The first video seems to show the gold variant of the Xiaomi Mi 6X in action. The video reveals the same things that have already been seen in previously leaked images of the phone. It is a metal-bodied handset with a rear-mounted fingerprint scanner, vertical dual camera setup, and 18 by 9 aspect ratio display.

^^^^

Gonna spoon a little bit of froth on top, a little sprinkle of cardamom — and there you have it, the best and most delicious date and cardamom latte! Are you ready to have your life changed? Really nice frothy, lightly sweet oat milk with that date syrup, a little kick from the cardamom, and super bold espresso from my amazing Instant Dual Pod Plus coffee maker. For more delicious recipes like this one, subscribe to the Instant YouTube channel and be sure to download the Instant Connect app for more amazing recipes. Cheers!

^^^^

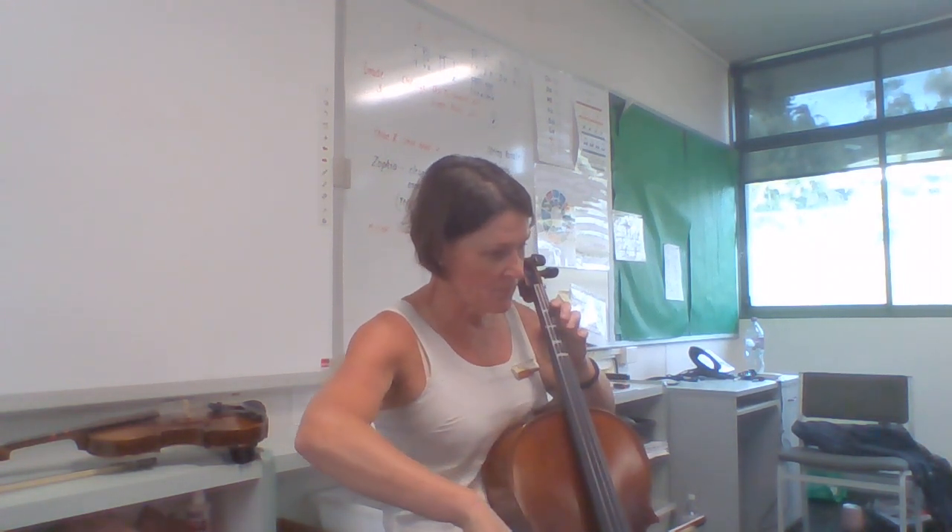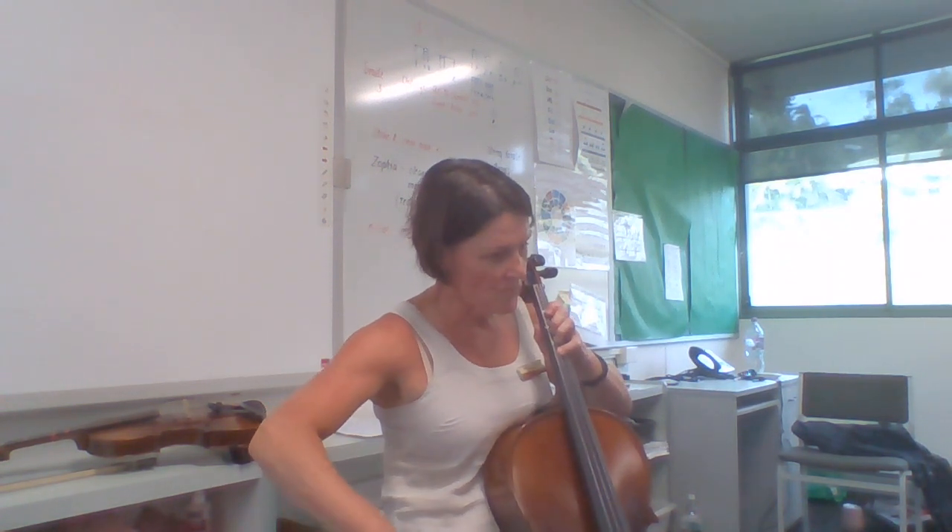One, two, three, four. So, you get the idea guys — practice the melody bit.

^^^^

**What is required**
Go through the lines above and count those with "have"; report only the number.

**Solution**
2